Exercise materials:
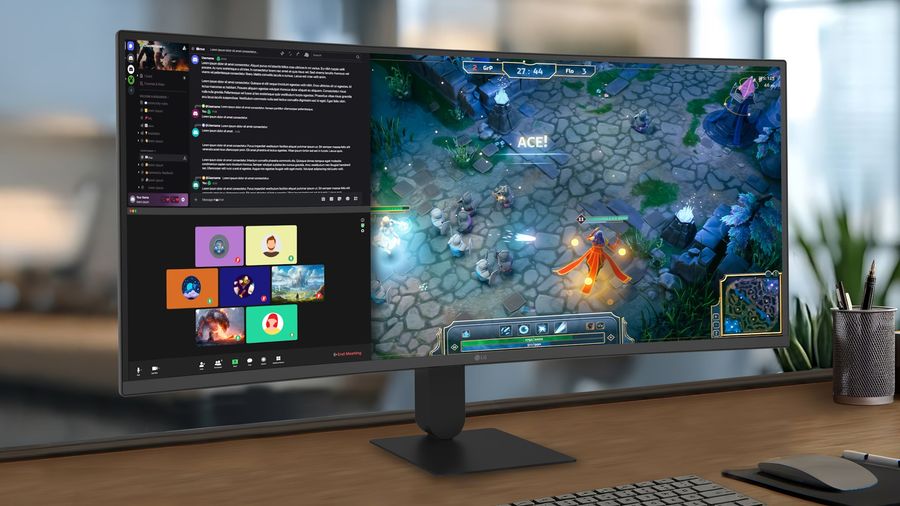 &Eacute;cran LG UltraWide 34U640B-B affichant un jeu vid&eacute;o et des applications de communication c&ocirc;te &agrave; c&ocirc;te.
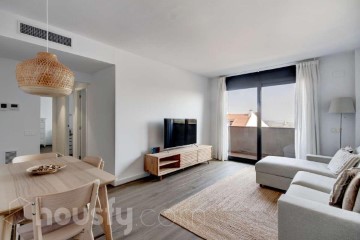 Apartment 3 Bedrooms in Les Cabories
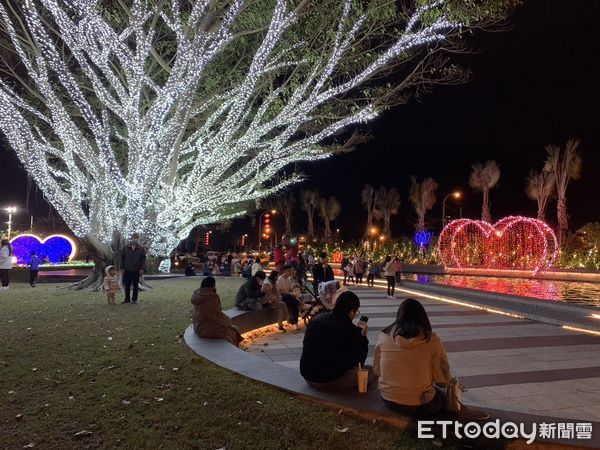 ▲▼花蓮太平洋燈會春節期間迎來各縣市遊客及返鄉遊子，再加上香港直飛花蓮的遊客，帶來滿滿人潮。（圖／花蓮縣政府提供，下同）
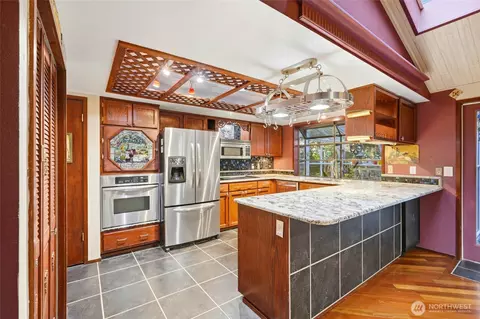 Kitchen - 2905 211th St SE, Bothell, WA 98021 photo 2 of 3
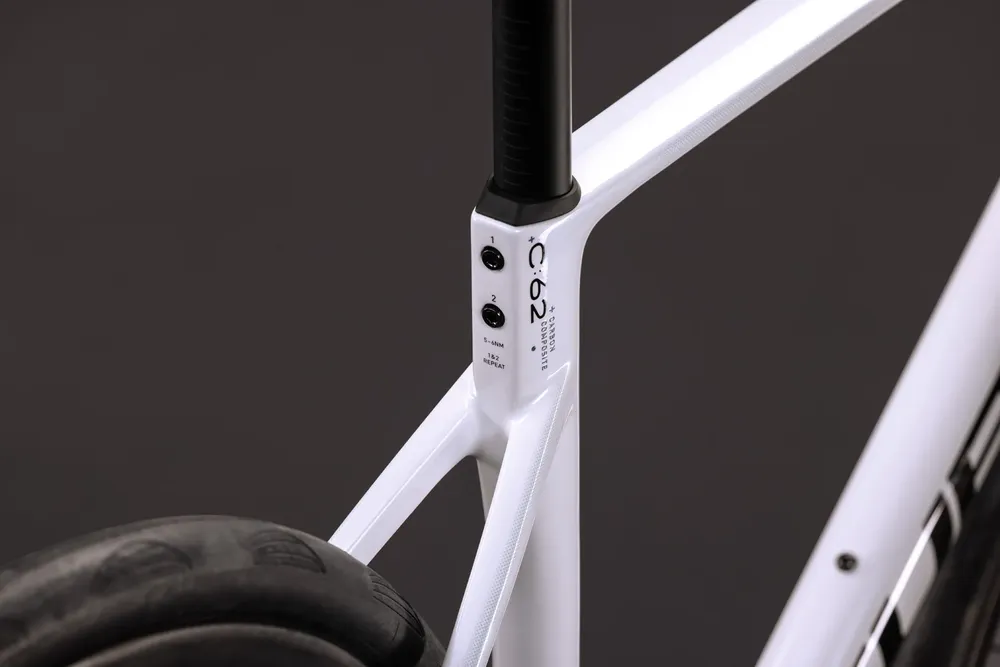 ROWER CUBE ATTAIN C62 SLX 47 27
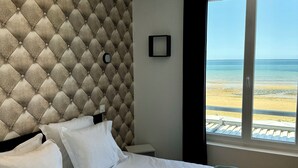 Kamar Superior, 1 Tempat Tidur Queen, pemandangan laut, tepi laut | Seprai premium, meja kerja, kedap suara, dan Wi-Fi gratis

Exercise prompt: Could the entries above be restated word for word, with the pictures left out?

Completed task:
 &Eacute;cran LG UltraWide 34U640B-B affichant un jeu vid&eacute;o et des applications de communication c&ocirc;te &agrave; c&ocirc;te.
 Apartment 3 Bedrooms in Les Cabories
 ▲▼花蓮太平洋燈會春節期間迎來各縣市遊客及返鄉遊子，再加上香港直飛花蓮的遊客，帶來滿滿人潮。（圖／花蓮縣政府提供，下同）
 Kitchen - 2905 211th St SE, Bothell, WA 98021 photo 2 of 3
 ROWER CUBE ATTAIN C62 SLX 47 27
 Kamar Superior, 1 Tempat Tidur Queen, pemandangan laut, tepi laut | Seprai premium, meja kerja, kedap suara, dan Wi-Fi gratis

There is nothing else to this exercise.